■ Supplied material ■
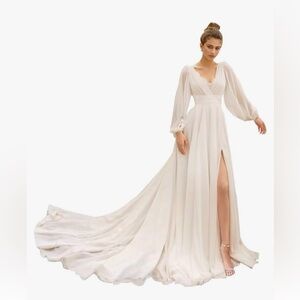 Chiffon, Long-sleeved, flowy dress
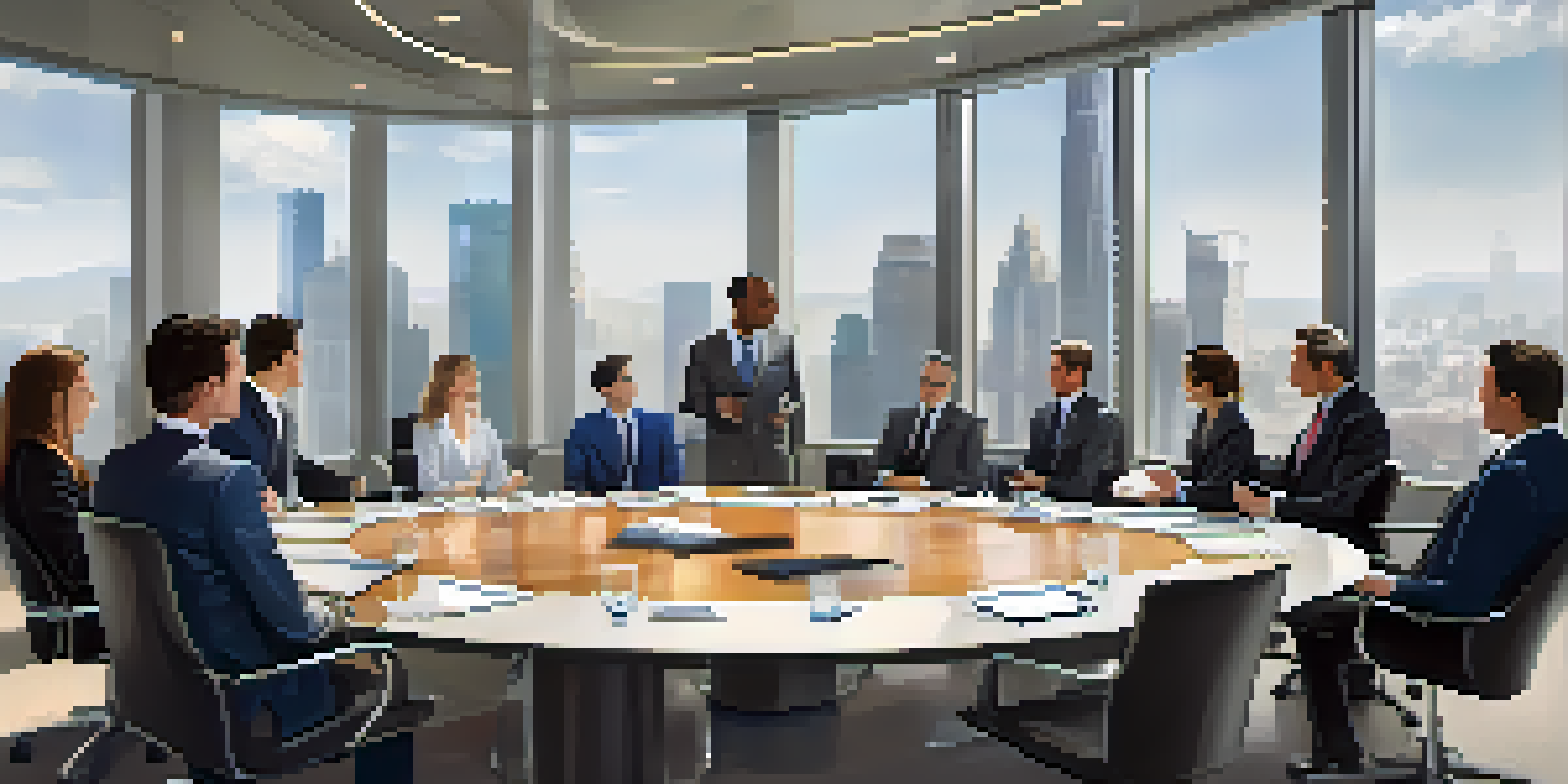 A diverse group of board members in a modern boardroom engaged in discussion, with a city skyline visible through large windows.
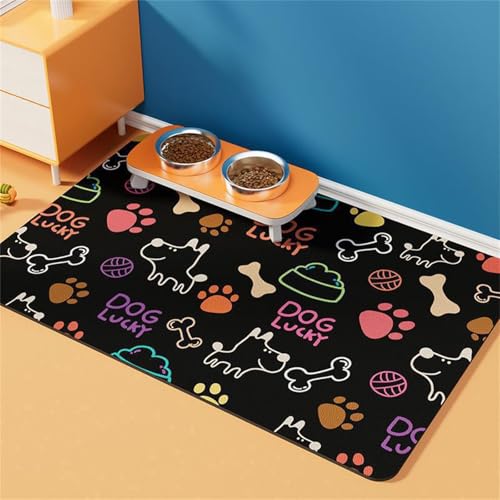 Mateju Napfunterlage Hund Katzen, Friend Drucken Futtermatte Hunde rutschfest Saugfähig Schnelltrocknend Futtermatte Matte, Napfunterlage Katze Hundenapf Unterlage (Schwarz,60x90cm) von Mateju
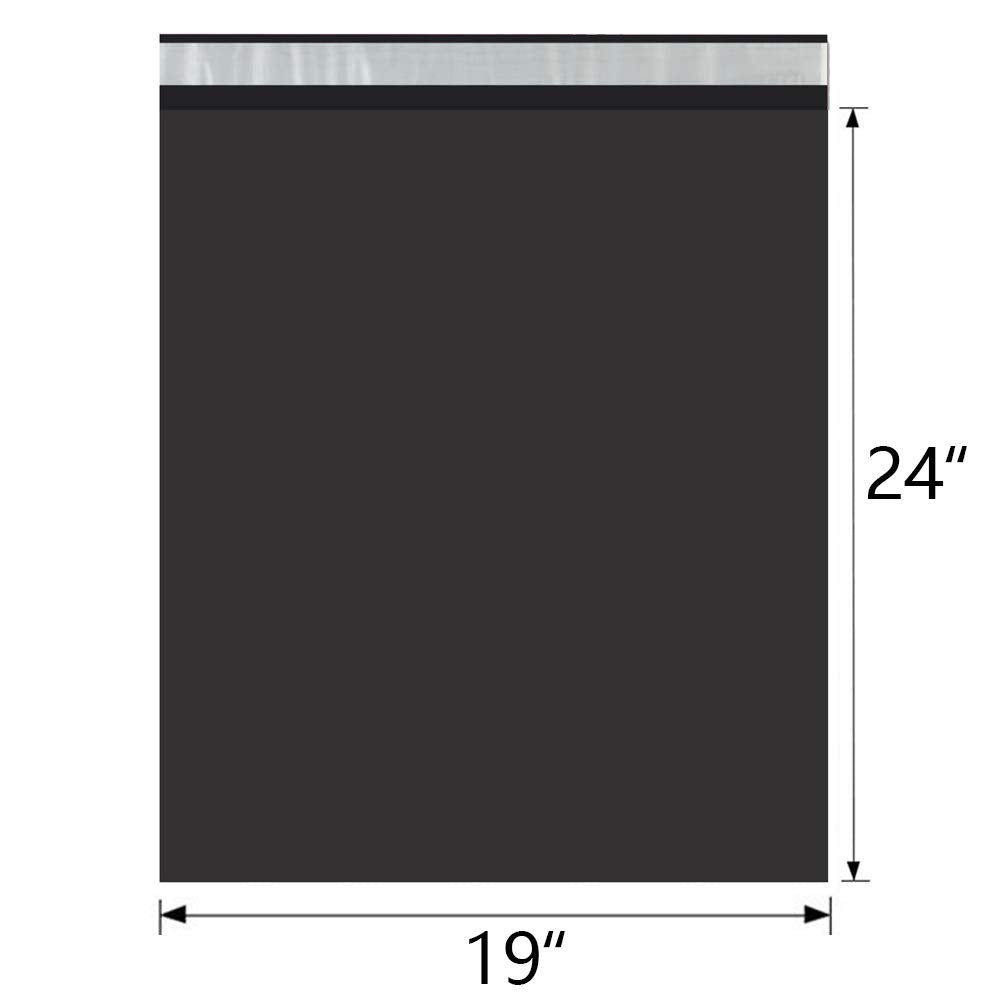 Ucgou Poly Mailers 19X24 Inch Black 50 Pack Extra Large Shipping Bags Strong Thick Mailing Envelopes Self Seal Adhesive Waterpro
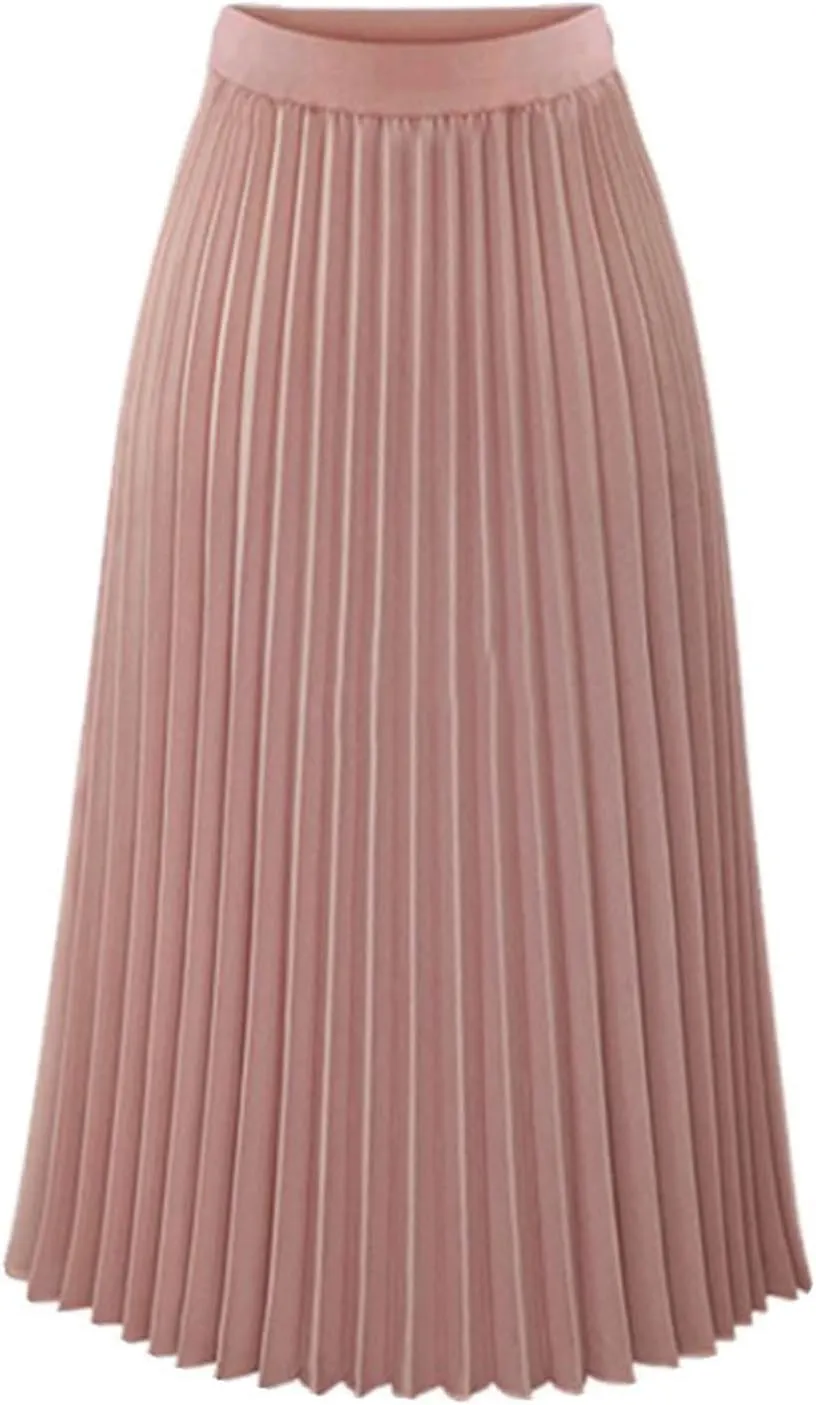 Long Pleated Skirts for Women High Waist Flowy Skirts Casual Summer Maxi Skirts Beach Vacation Skirts A Line Skirts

■ Exercise instructions ■
Leave out the pictures and set down all of the data exactly.

■ Written solution ■
 Chiffon, Long-sleeved, flowy dress
 A diverse group of board members in a modern boardroom engaged in discussion, with a city skyline visible through large windows.
 Mateju Napfunterlage Hund Katzen, Friend Drucken Futtermatte Hunde rutschfest Saugfähig Schnelltrocknend Futtermatte Matte, Napfunterlage Katze Hundenapf Unterlage (Schwarz,60x90cm) von Mateju
 Ucgou Poly Mailers 19X24 Inch Black 50 Pack Extra Large Shipping Bags Strong Thick Mailing Envelopes Self Seal Adhesive Waterpro
 Long Pleated Skirts for Women High Waist Flowy Skirts Casual Summer Maxi Skirts Beach Vacation Skirts A Line Skirts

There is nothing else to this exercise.